▶ Supplied records
******

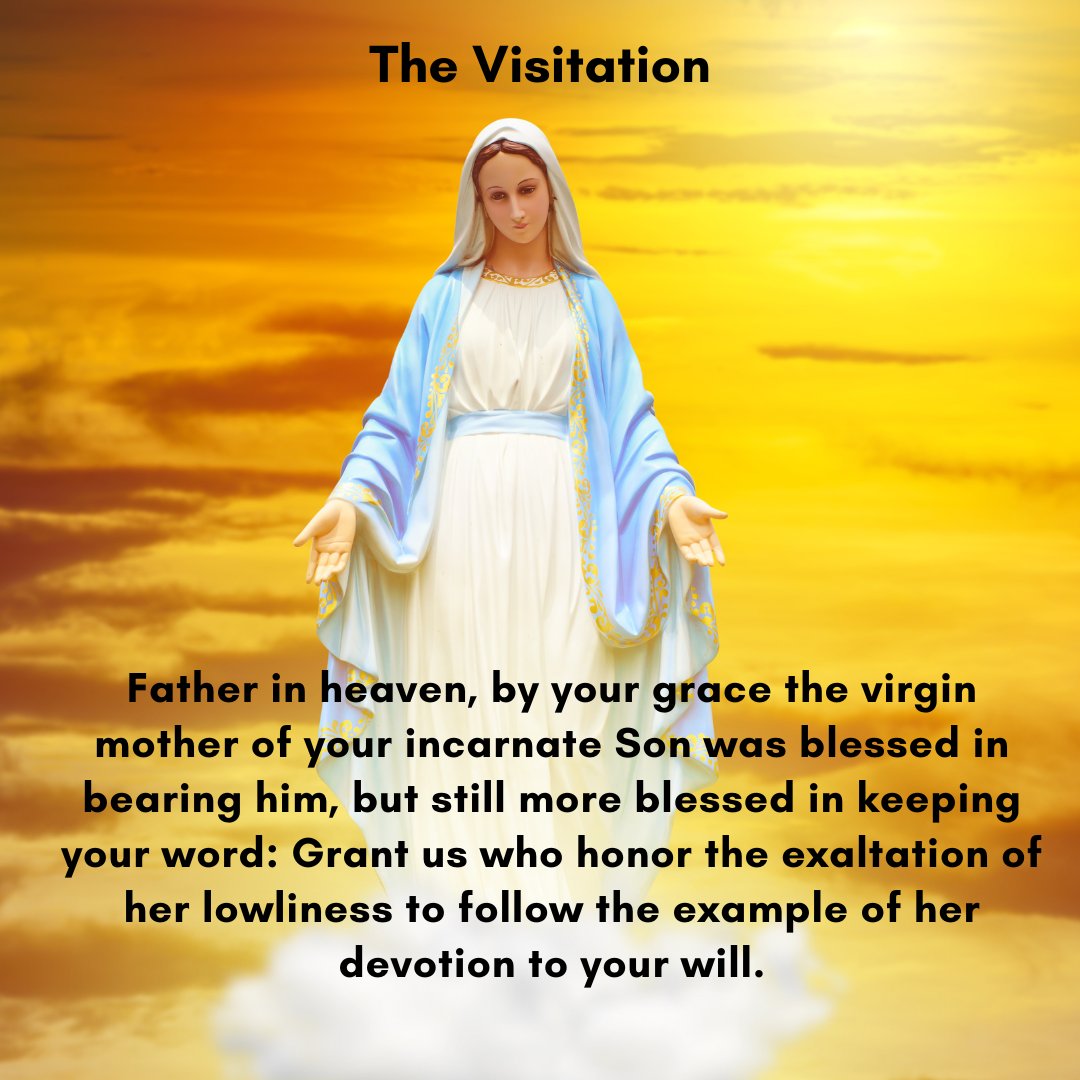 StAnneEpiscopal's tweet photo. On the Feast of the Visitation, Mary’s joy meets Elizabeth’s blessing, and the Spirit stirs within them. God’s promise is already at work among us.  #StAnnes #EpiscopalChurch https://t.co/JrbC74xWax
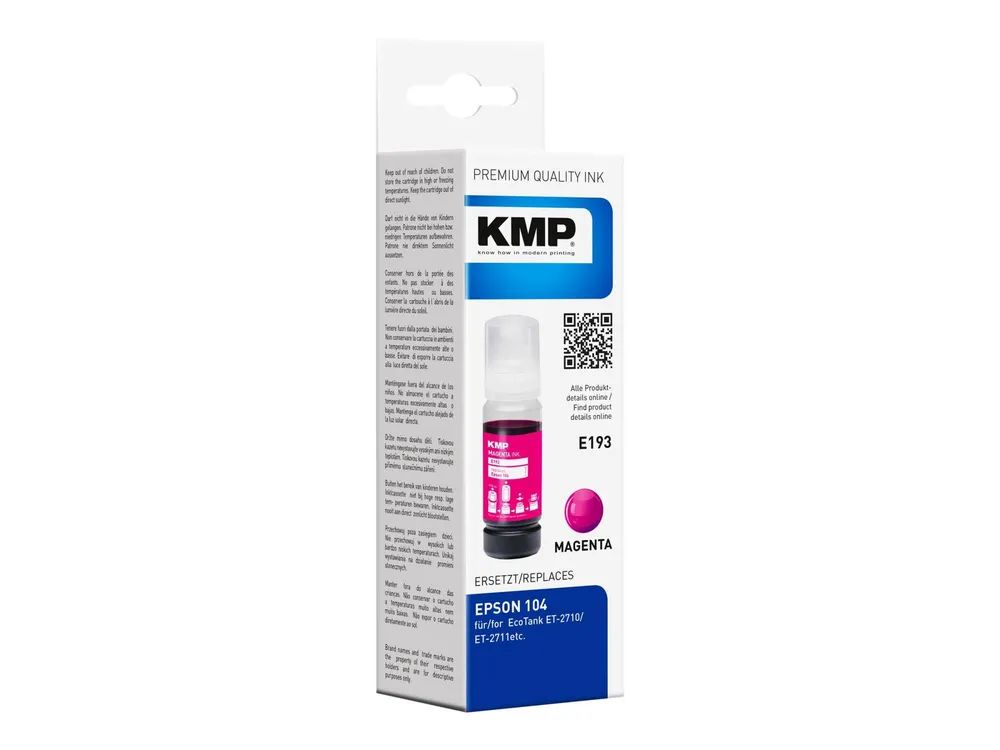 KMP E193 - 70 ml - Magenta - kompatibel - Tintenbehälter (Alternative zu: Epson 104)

******

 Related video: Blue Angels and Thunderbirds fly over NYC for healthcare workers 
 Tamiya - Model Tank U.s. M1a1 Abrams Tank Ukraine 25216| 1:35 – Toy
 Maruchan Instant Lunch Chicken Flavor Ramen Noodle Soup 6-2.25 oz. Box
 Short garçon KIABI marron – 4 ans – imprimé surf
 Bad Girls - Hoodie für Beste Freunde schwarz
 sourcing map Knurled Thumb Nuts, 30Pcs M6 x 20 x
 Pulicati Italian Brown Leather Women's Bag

******

▶ Exercise
Look above for the line holding "Maruchan Instant Lunch", then set down exactly that line and every line after it up to and including the line holding "Pulicati Italian Brown Leather Women's Bag", with nothing else.

▶ Result
 Maruchan Instant Lunch Chicken Flavor Ramen Noodle Soup 6-2.25 oz. Box
 Short garçon KIABI marron – 4 ans – imprimé surf
 Bad Girls - Hoodie für Beste Freunde schwarz
 sourcing map Knurled Thumb Nuts, 30Pcs M6 x 20 x
 Pulicati Italian Brown Leather Women's Bag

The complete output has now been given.